Re: UniqueKey v2 - Mailing list pgsql-hackers

From Andy Fan
Subject Re: UniqueKey v2
Date
Msg-id 87a5ktkpun.fsf@163.com
Whole thread Raw
In response to Re: UniqueKey v2  (Antonin Houska <ah@cybertec.at>)
List pgsql-hackers
>> Consider join of tables "a", "b" and "c". My understanding is that
>> make_join_rel() is called once with rel1={a} and rel2={b join c}, then with
>> rel1={a join b} and rel2={c}, etc. I wanted to say that each call should
>> produce the same set of unique keys.
>> 
>> I need to check this part more in detail.
>
> I think I understand now. By calling populate_joinrel_uniquekeys() for various
> orderings, you can find out that various input relation unique keys can
> represent the whole join. For example, if the ordering is
>
> A JOIN (B JOIN C)
>
> you can prove that the unique keys of A can be used for the whole join, while
> for the ordering
>
> B JOIN (A JOIN C)
>
> you can prove the same for the unique keys of B, and so on.

Yes.

>> > We don't create the component uniquekey if any one side of the boths
>> > sides is unique already. For example:
>> > 
>> > "(t1.id) in joinrel(t1, t2) is unique" OR "(t2.id) in joinrel is
>> > unique", there is no need to create component UniqueKey (t1.id, t2.id);  
>> 
>> ok, I need to check more in detail how this part works.
>
> This optimization makes sense to me.

OK.

>> > >
>> > >   Of course one problem is that the number of combinations can grow
>> > >   exponentially as new relations are joined.
>> > 
>> > Yes, that's why "rule 1" needed and "How to reduce the overhead" in
>> > UniqueKey.README is introduced. 
>
> I think there should yet be some guarantee that the number of unique keys does
> not grow exponentially. Perhaps a constant that allows a relation (base or
> join) to have at most N unique keys. (I imagine N to be rather small, e.g. 3
> or 4.) And when picking the "best N keys", one criterion could be the number
> of expressions in the key (the shorter key the better).

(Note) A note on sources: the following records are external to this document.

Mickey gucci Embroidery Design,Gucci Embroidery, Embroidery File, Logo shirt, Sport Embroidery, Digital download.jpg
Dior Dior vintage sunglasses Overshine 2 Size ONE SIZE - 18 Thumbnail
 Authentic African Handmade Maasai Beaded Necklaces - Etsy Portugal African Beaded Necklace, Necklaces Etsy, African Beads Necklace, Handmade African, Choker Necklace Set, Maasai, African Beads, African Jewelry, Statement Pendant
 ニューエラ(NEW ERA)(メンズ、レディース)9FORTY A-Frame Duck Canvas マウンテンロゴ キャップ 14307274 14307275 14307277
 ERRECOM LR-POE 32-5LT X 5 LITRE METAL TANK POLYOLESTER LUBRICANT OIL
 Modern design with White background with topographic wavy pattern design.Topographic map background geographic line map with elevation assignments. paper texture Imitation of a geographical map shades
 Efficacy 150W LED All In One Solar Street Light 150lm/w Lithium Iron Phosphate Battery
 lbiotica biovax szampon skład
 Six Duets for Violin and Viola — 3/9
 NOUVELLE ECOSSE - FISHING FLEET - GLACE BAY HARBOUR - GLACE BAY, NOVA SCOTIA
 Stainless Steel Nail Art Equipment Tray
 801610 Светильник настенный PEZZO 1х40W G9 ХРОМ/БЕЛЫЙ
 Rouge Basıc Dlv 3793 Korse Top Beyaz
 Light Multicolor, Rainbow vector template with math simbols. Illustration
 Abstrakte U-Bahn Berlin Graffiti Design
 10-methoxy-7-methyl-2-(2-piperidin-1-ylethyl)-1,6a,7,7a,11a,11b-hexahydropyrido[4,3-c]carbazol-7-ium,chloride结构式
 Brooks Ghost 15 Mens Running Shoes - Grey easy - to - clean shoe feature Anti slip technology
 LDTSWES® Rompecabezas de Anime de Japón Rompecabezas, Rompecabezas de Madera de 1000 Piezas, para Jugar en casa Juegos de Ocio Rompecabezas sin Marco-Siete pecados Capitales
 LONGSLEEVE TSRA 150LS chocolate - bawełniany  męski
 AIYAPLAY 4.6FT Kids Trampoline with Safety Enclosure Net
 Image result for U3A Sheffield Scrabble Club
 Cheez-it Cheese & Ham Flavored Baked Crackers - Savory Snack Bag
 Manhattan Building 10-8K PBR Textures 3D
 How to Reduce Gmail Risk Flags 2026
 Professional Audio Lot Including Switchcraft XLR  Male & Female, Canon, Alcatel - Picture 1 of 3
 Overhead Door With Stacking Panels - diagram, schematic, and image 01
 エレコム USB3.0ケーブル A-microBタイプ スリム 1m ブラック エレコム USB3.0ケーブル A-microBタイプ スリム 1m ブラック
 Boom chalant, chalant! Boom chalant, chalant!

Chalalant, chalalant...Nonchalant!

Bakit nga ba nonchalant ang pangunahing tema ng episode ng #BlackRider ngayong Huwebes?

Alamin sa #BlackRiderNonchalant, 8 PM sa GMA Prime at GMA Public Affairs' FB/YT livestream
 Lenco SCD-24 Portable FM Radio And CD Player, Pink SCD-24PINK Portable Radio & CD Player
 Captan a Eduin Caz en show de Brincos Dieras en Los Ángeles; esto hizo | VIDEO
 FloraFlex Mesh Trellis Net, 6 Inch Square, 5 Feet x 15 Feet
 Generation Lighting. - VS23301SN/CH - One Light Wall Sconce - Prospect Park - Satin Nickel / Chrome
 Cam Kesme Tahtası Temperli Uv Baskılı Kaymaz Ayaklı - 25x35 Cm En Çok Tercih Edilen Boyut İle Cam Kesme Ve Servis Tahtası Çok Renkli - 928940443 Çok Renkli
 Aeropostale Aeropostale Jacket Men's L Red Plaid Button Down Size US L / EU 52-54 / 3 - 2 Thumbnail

I don't want to introduce this complextity right now. I'm more
inerested with how to work with them effectivity. main effort includes: 

- the design of bitmapset which is memory usage friendly and easy for
combinations.
- Optimize the singlerow cases to reduce N UnqiueKeys to 1 UniqueKey.

I hope we can pay more attention to this optimization (at most N
UniqueKeys) when the major inforastruce has been done. 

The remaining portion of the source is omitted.